# For Sale " Fidget Sticks "



## Palladium (May 15, 2017)

I just picked up a new shipment of Fidget Sticks! These are not like those cheap china made Fidget spinners that have flooded the market. Our Fidget Sticks are made right here in good old Alabama, USA! Your kids will have hours of fun playing with this wonder of god's creation. Watch as your kids eyes light up when they realize it's a Fidget Stick! We have several different types to chose from. We have Oak, Hickory, Walnut, and our best seller Popular! 


Look for our newest product to be released later this summer, The Fidget Pine Cone!

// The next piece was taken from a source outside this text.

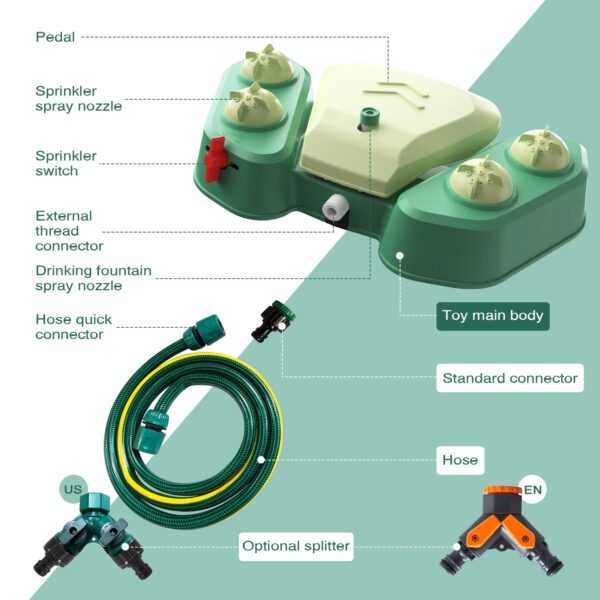 Fuente de Agua Multifuncional con Pedal (YSQ-01) - Imagen 3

Get your orders in now while supplies last and take advantage of our special sales promotion.
This week only buy 2 Fidget Sticks and get the 3rd Fidget Stick free!

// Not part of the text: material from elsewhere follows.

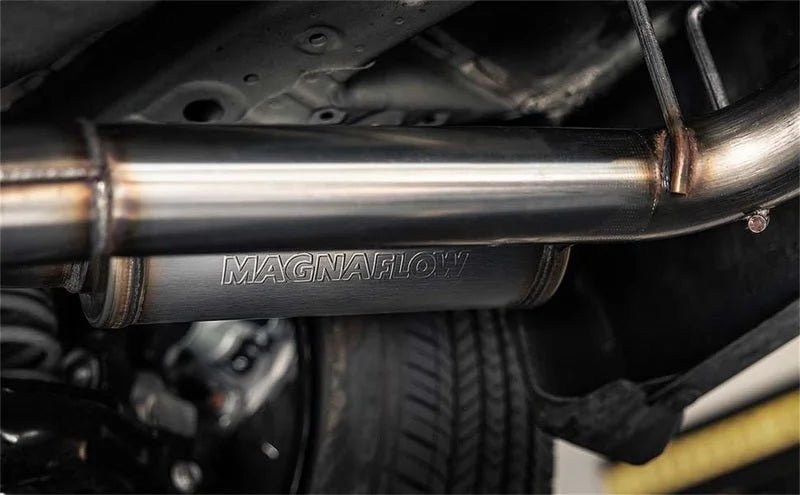 Magnaflow 18-21 Ford Mustang 5.0L V8 NEO Cat-Back Exhaust System - Side View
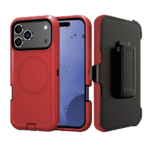 Defender Magnetic Megsafe With Belt Clip for Samsung S25 Ultra – Red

Distributors wanted now! Ask how you to can become a Fidget Stick distributor!


----------



## g_axelsson (May 15, 2017)

I would be careful if I was in your shoes, it is borderline infringement on log.

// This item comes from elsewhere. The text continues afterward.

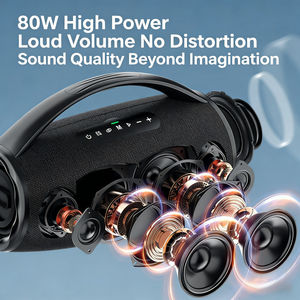 ลำโพงพกพา <span class=keywords><strong>Party</strong></span> <span class=keywords><strong>Box</strong></span> 5.2 พร้อมไฟ LED RGB แสดงแสงสี กำลังขับเสียง 80 วัตต์ กันน้ำระดับ IPX-6 แบตเตอรี่ 16000mAh - Product Image 3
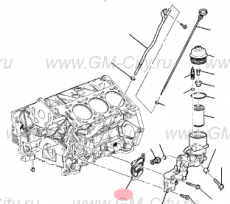 Прокладка масляного фильтра Cadillac CTS ІІ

[youtube]http://www.youtube.com/watch?v=RTrAVpK9blw[/youtube]

Göran


----------



## jimdoc (May 15, 2017)

Wanna sell them here you will have to gold plate em.


----------



## FrugalRefiner (May 15, 2017)

If you need a supplier for American Black Walnut or Buckeye, let me know! The Ohio Buckeye is in short supply and at a premium price, but I can give you a very reasonable price on the black walnut. :lol: 

Dave


----------



## Topher_osAUrus (May 15, 2017)

Tell me more, tell me more!


----------